#### What is required
Reproduce all the entries beneath this sentence exactly.

#### Web page caption snippets

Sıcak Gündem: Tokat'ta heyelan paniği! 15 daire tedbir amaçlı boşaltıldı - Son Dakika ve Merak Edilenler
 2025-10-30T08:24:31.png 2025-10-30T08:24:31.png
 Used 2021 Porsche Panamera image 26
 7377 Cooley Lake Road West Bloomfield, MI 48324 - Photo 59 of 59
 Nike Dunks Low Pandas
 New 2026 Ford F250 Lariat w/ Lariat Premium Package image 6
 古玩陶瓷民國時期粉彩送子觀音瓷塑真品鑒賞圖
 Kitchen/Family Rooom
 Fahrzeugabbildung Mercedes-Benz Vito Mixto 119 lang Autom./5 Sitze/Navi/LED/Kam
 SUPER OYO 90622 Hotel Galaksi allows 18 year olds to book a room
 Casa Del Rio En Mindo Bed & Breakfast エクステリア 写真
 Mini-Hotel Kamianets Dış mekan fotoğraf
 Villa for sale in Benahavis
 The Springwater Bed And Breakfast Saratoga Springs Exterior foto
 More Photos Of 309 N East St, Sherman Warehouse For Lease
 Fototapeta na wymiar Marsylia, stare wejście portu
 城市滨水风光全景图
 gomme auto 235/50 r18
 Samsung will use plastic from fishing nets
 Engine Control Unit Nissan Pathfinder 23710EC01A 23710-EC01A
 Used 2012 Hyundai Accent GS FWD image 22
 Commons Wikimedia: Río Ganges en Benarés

#### Task answer
Sıcak Gündem: Tokat'ta heyelan paniği! 15 daire tedbir amaçlı boşaltıldı - Son Dakika ve Merak Edilenler
 2025-10-30T08:24:31.png 2025-10-30T08:24:31.png
 Used 2021 Porsche Panamera image 26
 7377 Cooley Lake Road West Bloomfield, MI 48324 - Photo 59 of 59
 Nike Dunks Low Pandas
 New 2026 Ford F250 Lariat w/ Lariat Premium Package image 6
 古玩陶瓷民國時期粉彩送子觀音瓷塑真品鑒賞圖
 Kitchen/Family Rooom
 Fahrzeugabbildung Mercedes-Benz Vito Mixto 119 lang Autom./5 Sitze/Navi/LED/Kam
 SUPER OYO 90622 Hotel Galaksi allows 18 year olds to book a room
 Casa Del Rio En Mindo Bed & Breakfast エクステリア 写真
 Mini-Hotel Kamianets Dış mekan fotoğraf
 Villa for sale in Benahavis
 The Springwater Bed And Breakfast Saratoga Springs Exterior foto
 More Photos Of 309 N East St, Sherman Warehouse For Lease
 Fototapeta na wymiar Marsylia, stare wejście portu
 城市滨水风光全景图
 gomme auto 235/50 r18
 Samsung will use plastic from fishing nets
 Engine Control Unit Nissan Pathfinder 23710EC01A 23710-EC01A
 Used 2012 Hyundai Accent GS FWD image 22
 Commons Wikimedia: Río Ganges en Benarés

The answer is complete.